Em 1964, os Beatles mostravam de maneira muito bem humorada que musica dá trabalho. Em “A Hard Day’s Night”, o grupo, em plena beatlemania, corria de um lado para outro a fim de dar conta da agenda. Corria também dos fãs, que arrancavam roupas e cabelos dos ídolos para ter um pedacinho do famoso em casa. Mas, tirando o bom humor e os exageros cinematográficos, a música – e a cultura como um todo – dá muito trabalho. O tempo dedicado ao ócio criativo (que também faz parte do trabalho!) e ao glamour é pequeno se comparado com as viagens, ensaios, shows e compromissos que a carreira pede.

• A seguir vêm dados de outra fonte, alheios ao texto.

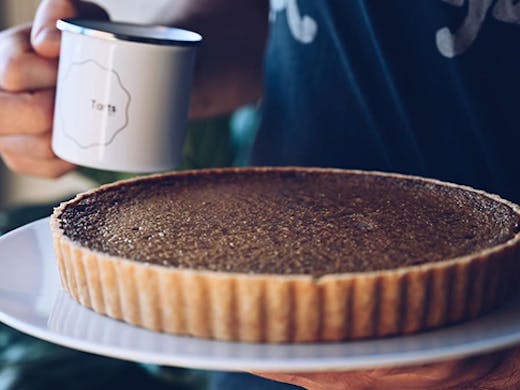 A tart on a plate next to a mug with a label that reads 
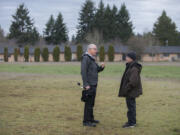 Bill Ritchie, chairman of the Clark County Commission on Aging, left, chats Thursday with Adam Kravitz, future site manager of the village for the homeless that will be built in a field at Safe Harbor Church of the Nazarene in Vancouver.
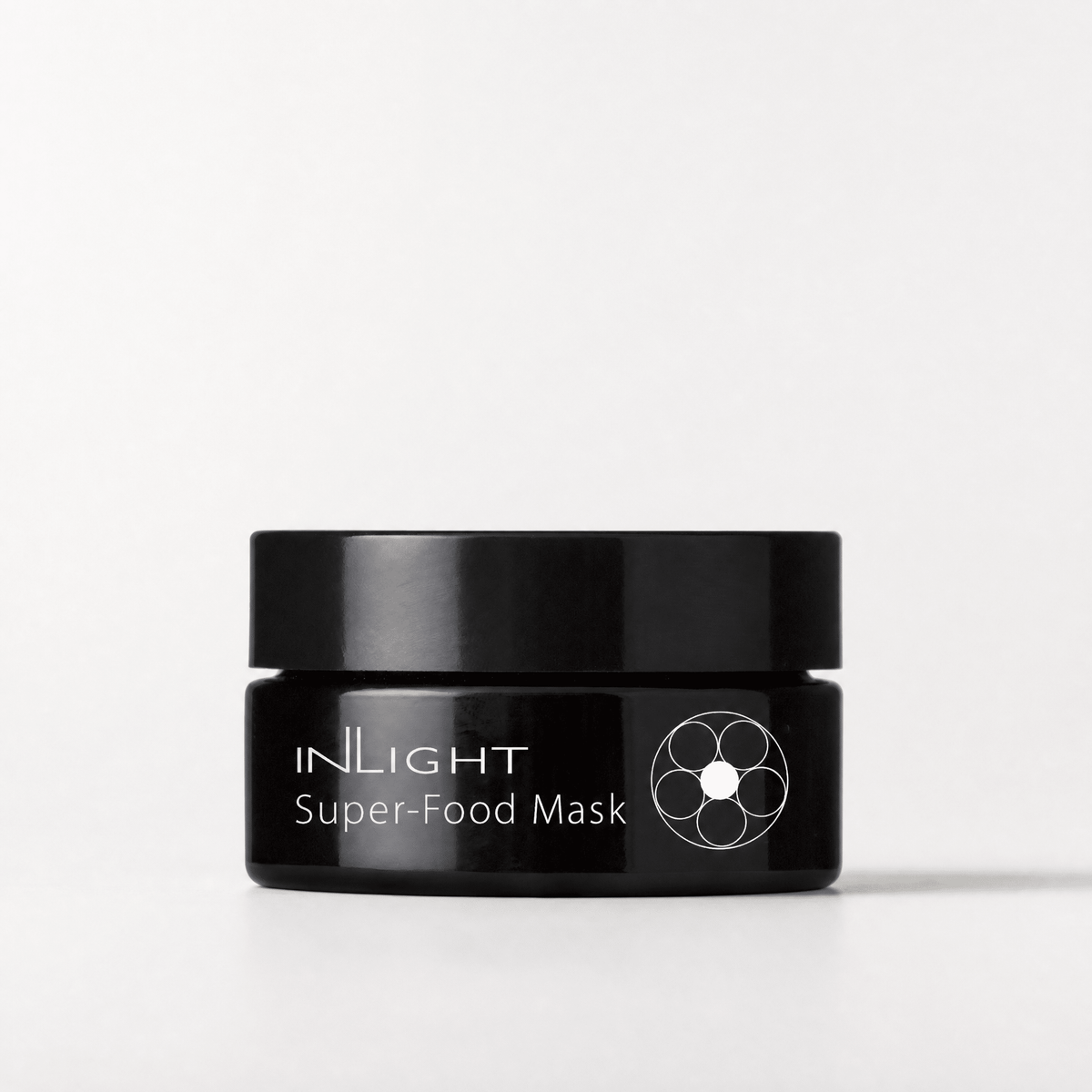 Black jar of Inlight Beauty Super-Food Mask 25ml on a white background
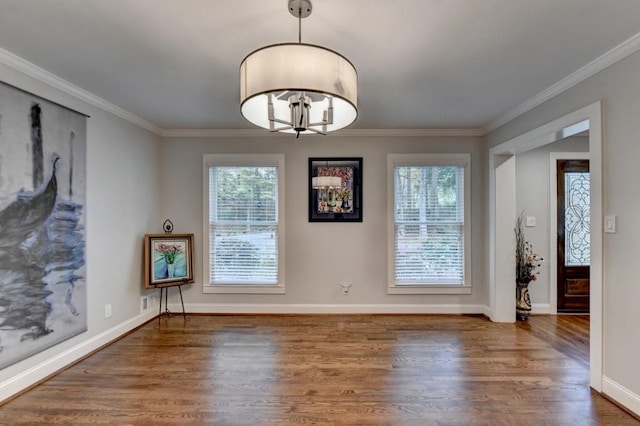 unfurnished room featuring a chandelier, crown molding, baseboards, and wood finished floors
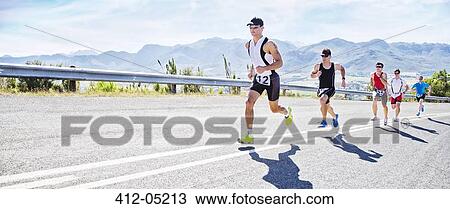 Stock Image - Runners in race on rural road. Fotosearch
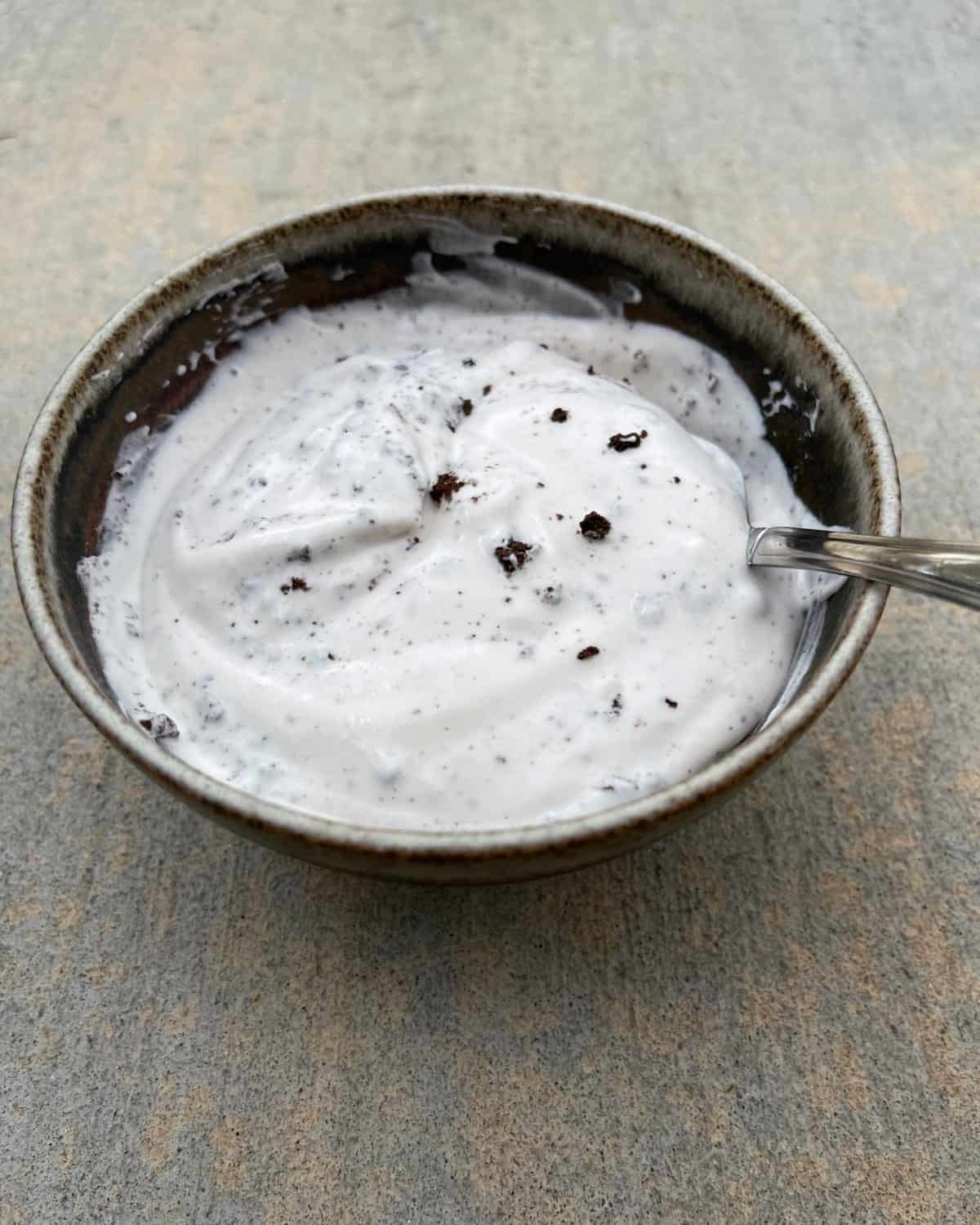 Stirring cookies and cream dip in small bowl with spoon.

Eu não sei em qual momento foi e em qual o contexto, mas, na percepção de muita gente, a cultura se distanciou da palavra “trabalho”. E não estou falando daquela pergunta a um músico, em formato de piadinha: “Legal, você é guitarrista. Mas trabalha em quê?”. Isso é folclore. O que acontece hoje é um movimento raivoso mesmo. E isso ficou muito claro em muitas respostas a movimentos culturais que nasceram para arrecadar fundos para o Rio Grande do Sul, que vive essa hecatombe climática. A primeira coisa que surge, quase que instantaneamente, é uma cobrança nominal a diversos artistas sobre o que eles doaram, em dinheiro, para os atingidos. Como se uma coisa levasse a outra automaticamente. Afinal, aquele artista ganha dinheiro “no mole” e é obrigação dele ajudar a todos. Nem vou citar que essa cobrança recai majoritariamente em artista ligados ao lado esquerdo da política porque numa pesquisa superficial isso vai parecer óbvio. Também não cito a centena de artistas que doam sem uma câmera filmando e que nem gostam da divulgação desse ato.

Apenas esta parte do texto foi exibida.